В тот же день я видел Тургенева, издали, еще два раза. В дообеденный час он приехал один к Promenade в фаэтоне и прошел в книжный магазин, который тогда помещался в том флигеле кургауза, где была сначала читальня, а теперь временно кафе-ресторан. Тургенев постоял довольно долго на крыльце, и издали его фигура, в широком гороховом пальто, была видна очень отчетливо из-под колоннады кургауза, прославленной им Conversation. На фронтоне, под фризом, стояло собственно слово «Conversations hause». И его теперь замазали, к 1910 году, чем огорчили всех, кому дорога память тогдашнего «тургеневского» Бадена.
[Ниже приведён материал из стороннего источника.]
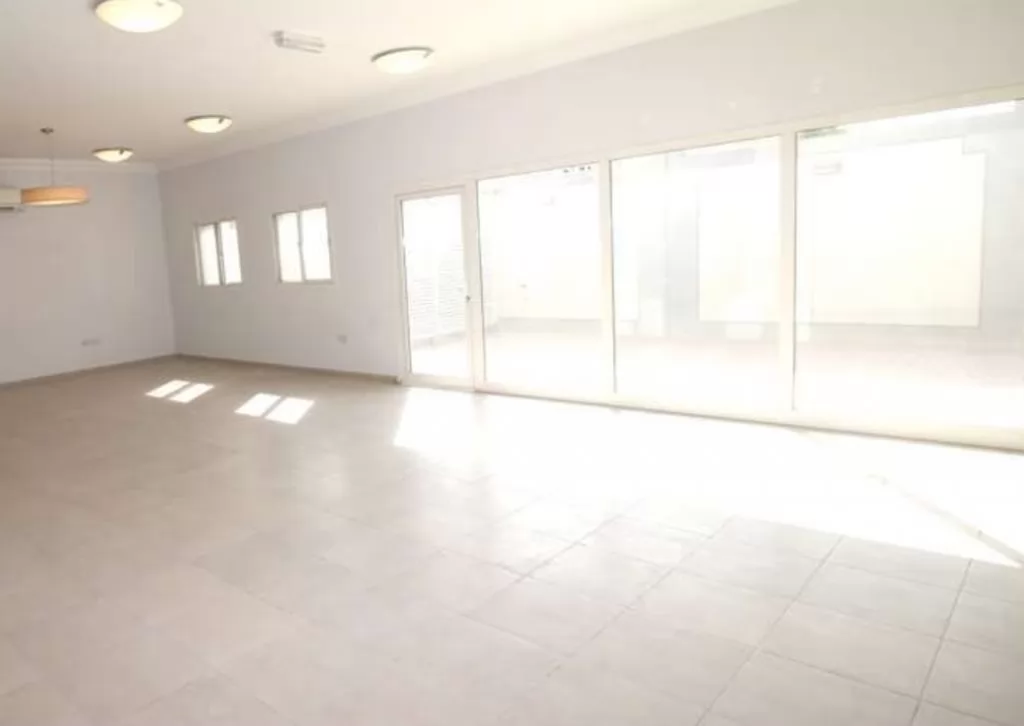 Residential Ready Property 4 Bedrooms S/F Villa in Compound  for rent in Doha-Qatar #17133 - 1  image 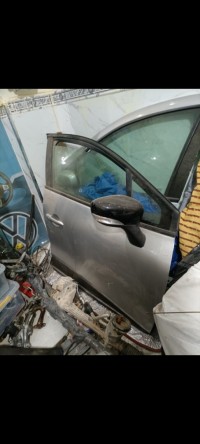 قطع-هيكل-السيارة-porte-avant-droite-clio-4-limited-2-cas-france-بئر-الجير-وهران-الجزائر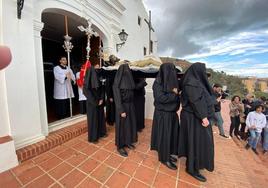 Directo | El traslado del Cristo Yacente desde el Monte Calvario abre un Viernes Santo pendiente del tiempo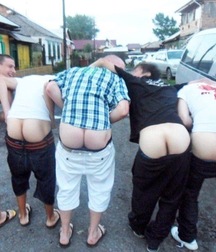 Cute guys 5eefe8cf680b7.jpg
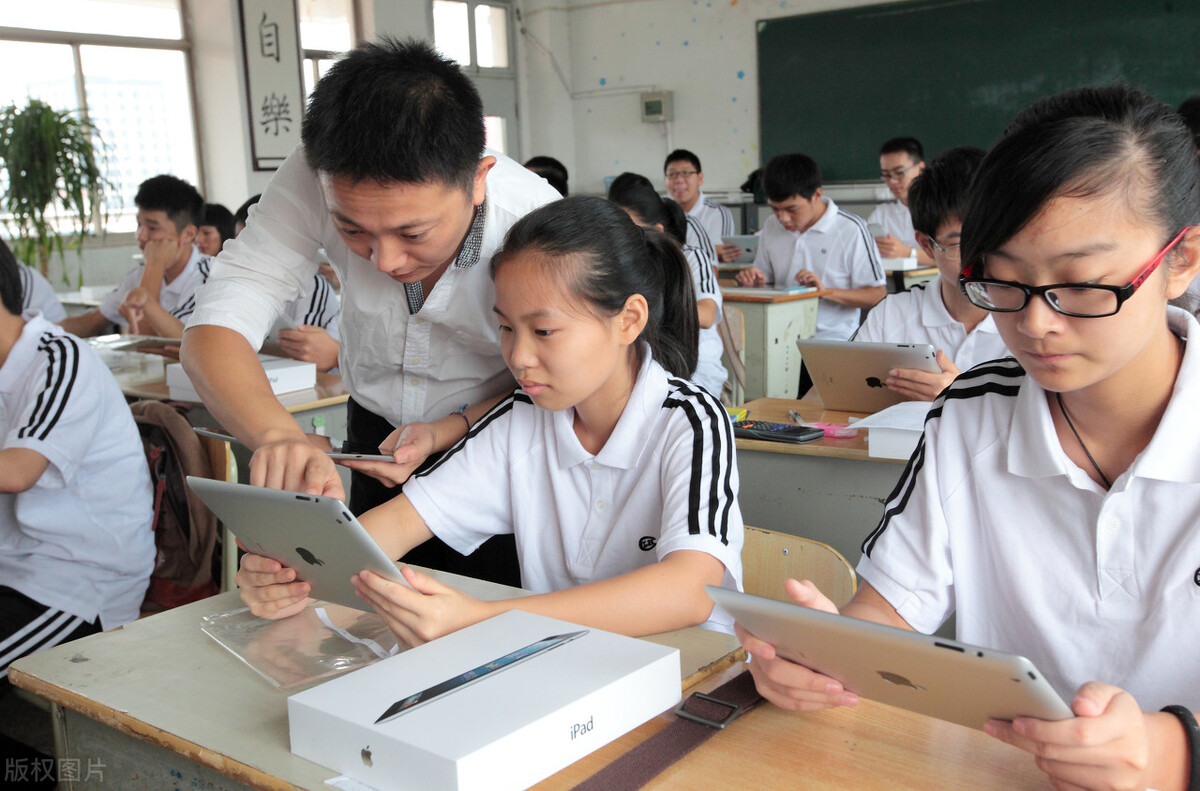 基于词块的课文复述对高中生学习词汇的影响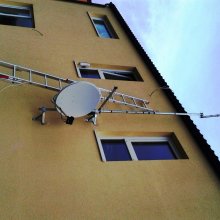 Veleň - montáž satelitního systému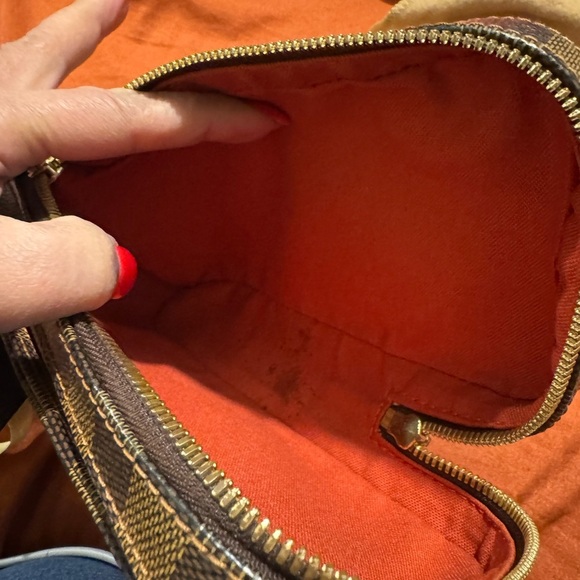 LV Geronimo. Brown Checkered Belt Bag with Metal Chain - Picture 6 of 7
Рулетка делала то, что в театре (только что перед тем отстроенном) давались оперные спектакли с итальянцами и приезжали на гастроли артисты «Французской комедии».
Вечером я попал в оперу, с бывшей московской примадонной Фриччи Баральди, и с галереи верхнего яруса увидал в крайней ложе бельэтажа седую голову Тургенева.
Он стоял позади стула г-жи Виардо. Тут сидело все ее семейство. И я в первый и в последний раз в жизни видел ее. Она уже смотрела пожилой женщиной и поражала своей типичной некрасивостью.
Уехал я из Бадена после встречи с автором «Отцов и детей» не так, как бы мне тогда хотелось.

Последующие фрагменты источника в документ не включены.